New Code Enforcement, tire pile

Olney Police Officer Joe Logan will move fulltime into code enforcement to speed up the City’s attempts to clean up code violations and tear down condemned structures, Police Chief Dan Birbeck told the City Council at its March 13 meeting.

Officer Logan’s new duties are part of a reorganization of the code enforcement department, after the City’s plan to pay the Texas Communities Group to help staff the code enforcement department did not work out.

We had a TCG contract where we had tried to hire people to come down but they haven’t delivered. We can use that money better,” Chief Birbeck said.

Officer Logan will “focus specifically on clean up projects, code violations and start trying to bring the way the city looks up to what it should be. I think if we move this officer into a full-time code enforcement role we can get back on the track again that we had started with the momentum of tearing down the dilapidated proper- ties and getting those cleaned up.”

Officer Logan will organize groups of volunteers through community organizations and church groups to help people clean up their properties during the citywide clean-up this year, Chief Birbeck said. “We are going to bring the city up to where it should be.”

Code Enforcement would begin moving aggressively to tear down condemned buildings and clean up trash citywide, he said.

The Council asked Chief Birbeck to begin ticketing the new owner of the abandoned gas station at 301 E. Main Street to clean up the piles of discarded tires. The City was within weeks of taking possession of the property and removing the tires when a Texas-based holding company purchased it at a county foreclosure sale. The company, GFF Holdings LLC, agreed to pay $23,000 in back taxes and to clean up the tires and remove underground gas tanks as part of the purchase agreement, city officials said after the Jan. 3 sale.

“Why would we not be ticketing them daily?” Councilmember Harrison Wellman said. “I want the bill to be $50,000 at the end and say ‘Clean it up and we’ll rescind it.’ Seriously, we cannot do this for six months and wait another two years to take action.”

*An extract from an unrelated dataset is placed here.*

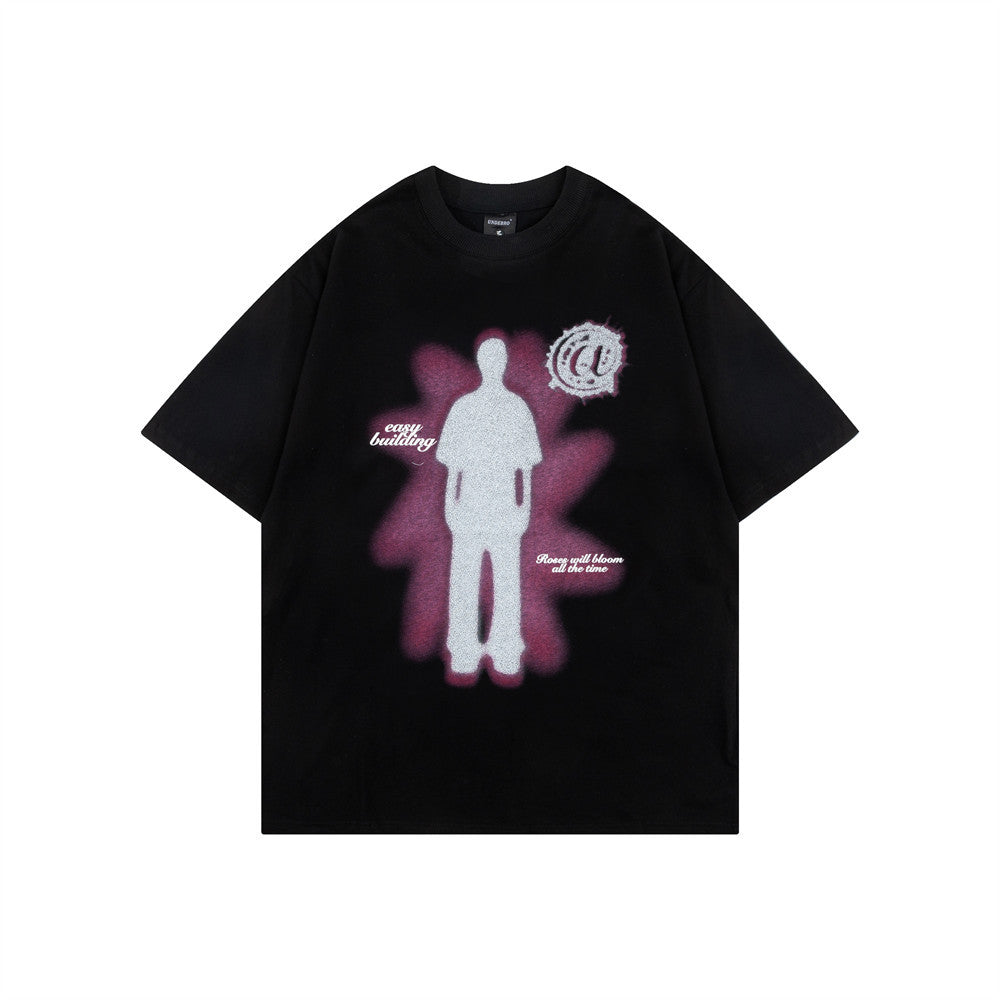 Black t-shirt with a silhouette and glow graphic on the front, flat lay, front view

City Administrator Arpegea Pagsuberon said enforcement on the property is “in limbo” because the previous owners have a six-month window to redeem the property.

“We’ll make sure we start taking action immediately,” Chief Birbeck said.

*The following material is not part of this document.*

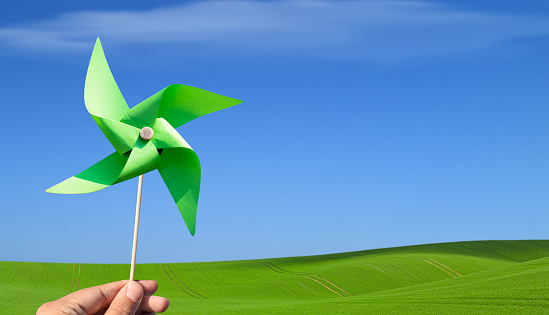 Green clean energy concept. ESG and Green Power. Hand holding a green paper pinwheel.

The Cook Legal Group, which is listed as the registered agent for GFF Holdings, has not responded to requests for comment about the sale or the buyer’s plan for cleaning up or rehabilitating the property.

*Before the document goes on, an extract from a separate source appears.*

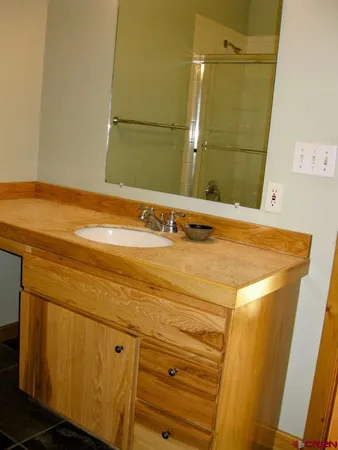 a bathroom with a toilet and a sink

The Council voted last year to take ownership of the property so as not to lose a $41,000 state grant the city won to remove about 10 trailers worth of passenger and commercial vehicle tires. After confirming that the new buyer understood the liabilities associated with its purchase of the gas station, Mrs. Pagsuberon convinced the Nortex Regional Planning Commission to allow Olney to use the grant to purchase a tire cutter. The City is waiting for the Texas Commission on Environmental Quality to issue a permit for the tire cutter to be located at the city’s Convenience Station, she told the Council.